How is your agency dealing with the latest brand safety issues with YouTube and Facebook?
Hearts & Science took the most aggressive stance on YouTube and recommended clients pull 100 percent of spend, and they all did it with urgency. We did our first in-house test looking for our clients’ advertising to see where it really was, and we had a fail rate of like 40 percent relative to the content guidelines. It was the frightening kind of content like terrorism. Subsequent research showed 25 percent of people who viewed our clients’ content next to that inappropriate content gave them a negative perspective on the business, and coming out of a negative is a very difficult thing to do.

Big advertisers pulling out from Facebook, quite frankly, doesn’t hurt [Facebook] that much.

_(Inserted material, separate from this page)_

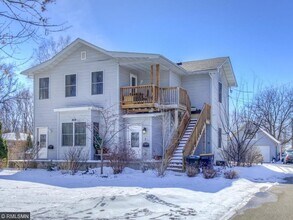 Building Photo - 808 2nd St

The bigger issue now is a responsibility to society. It’s much bigger than our business. There’s not widespread awareness among heavy users of this stuff. You can’t control the danger factor right now, and they need to change for their own sustainability. The next generation is going to stand up and say we aren’t going to tolerate this.

Are YouTube’s changes just Band-Aids, or are they significant?
Somewhere in between. They’ve done more than Band-Aids, but I do think the larger problem is still there and it’s a very difficult thing for them to fix. What they have solved is somewhat of a Band-Aid, but enough of a Band-Aid to pull back advertisers.

What is Hearts & Science doing to create media transparency and ensure clients that their dollars aren’t being wasted?
We are now telling our clients that they should be in private marketplaces. So yes, we’re bidding, but we are bidding within a controlled environment. The second thing is that we have ways to manage frequency and this has been a huge issue so that a user doesn’t see an ad 50 times. We’ve created substantial savings by removing the over-frequency that they can then invest back in programmatic to help their bottom line. We’re sometimes finding it can be as much as a third of the budget. That’s not insignificant.

How has Hearts & Science adjusted to the rise of consultancies?
We don’t believe it’s in the best interest of our clients to go into business with consultancies for a few reasons. As long as consultancies are going to stay in this business, the issue of church and state is very, very significant. I equate it to the banking and real estate crash. I think it’s that significant, when you had no separation or you had claimed separation. I’ll use Accenture as an example, but I don’t want this all to be about them, but they are auditing our finances, they are auditing our media pricing and then they are going into the media business with access to all of our media pricing. That is not OK. That is not fair business. They say they have a separation of duties, but I dare say they don’t. I don’t see how that’s in any client’s best interest. But that doesn’t mean they won’t succeed because they are very, very aggressive. If they’re building their practice, they can’t do everything. By definition, they are consultants and they really don’t know how to execute, and the gory details of execution are something people tend not to understand.

There could be a billion placements, and every placement has to go from the front end to the back and go through reconciliation. I don’t see how they would do that, so even if they can have a point of view, if they could figure out how to be negotiators in the marketplace, consultancies by their very nature don’t know how to execute, so they’re only going to be able to do one media type at a time. They’re going to try to convince clients that they’re their strategic media partners and they’ll take it to a certain level and let the media agencies execute. Media agencies aren’t going to tolerate that. They’re going to say, ‘Why would we want to be in that business? There’s no money in that business.’

There will be a pressure point for us, but there are many reasons why we can articulate to our clients why it’s not in their best interests, including what will happen to the best media agencies that they depend on if they let consultancies get too far.